■ Exercise directions ■
For this exercise, return only the lines in the records below from the one holding "Slickblue Women’s Polished" through the one holding "Uganda flag - Drawstring Bag - black", including both, exactly as they appear and without pictures.

■ Source data ■
=== Begin Enclosure ===

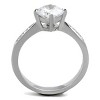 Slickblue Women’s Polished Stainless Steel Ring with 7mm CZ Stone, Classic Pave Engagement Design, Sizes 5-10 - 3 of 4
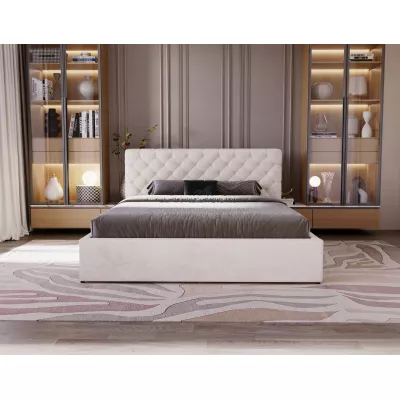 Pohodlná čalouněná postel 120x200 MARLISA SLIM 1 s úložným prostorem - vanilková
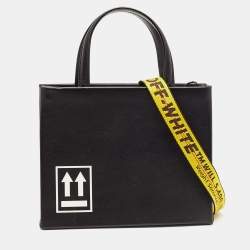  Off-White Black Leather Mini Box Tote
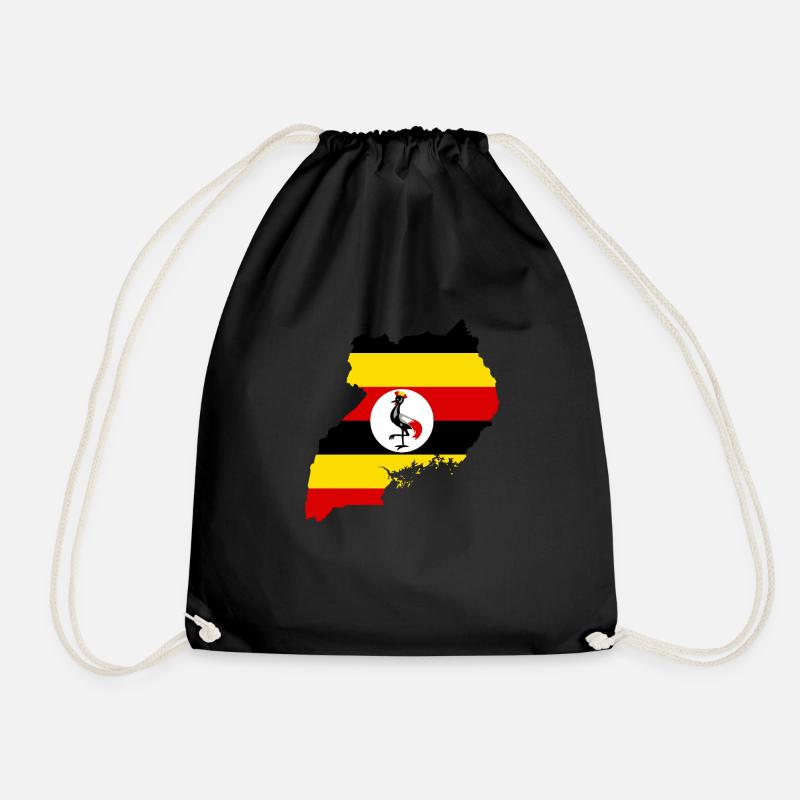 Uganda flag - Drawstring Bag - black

=== End Enclosure ===
=== Begin Enclosure ===

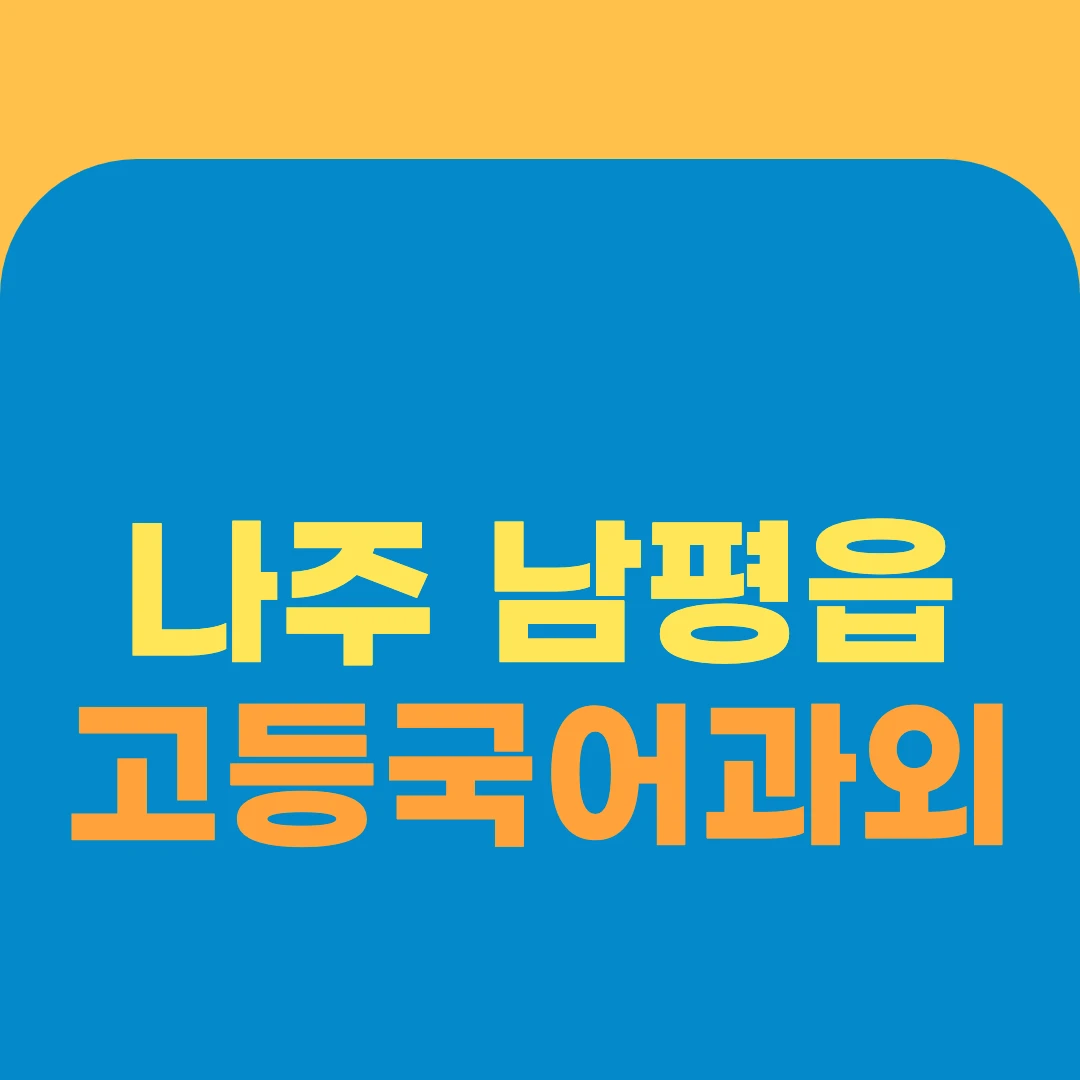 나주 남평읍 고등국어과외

=== End Enclosure ===
=== Begin Enclosure ===

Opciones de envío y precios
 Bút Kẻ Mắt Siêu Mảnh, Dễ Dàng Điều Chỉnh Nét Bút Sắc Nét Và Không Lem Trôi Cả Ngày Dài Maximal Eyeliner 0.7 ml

=== End Enclosure ===

■ Response ■
 Slickblue Women’s Polished Stainless Steel Ring with 7mm CZ Stone, Classic Pave Engagement Design, Sizes 5-10 - 3 of 4
 Pohodlná čalouněná postel 120x200 MARLISA SLIM 1 s úložným prostorem - vanilková
  Off-White Black Leather Mini Box Tote
 Uganda flag - Drawstring Bag - black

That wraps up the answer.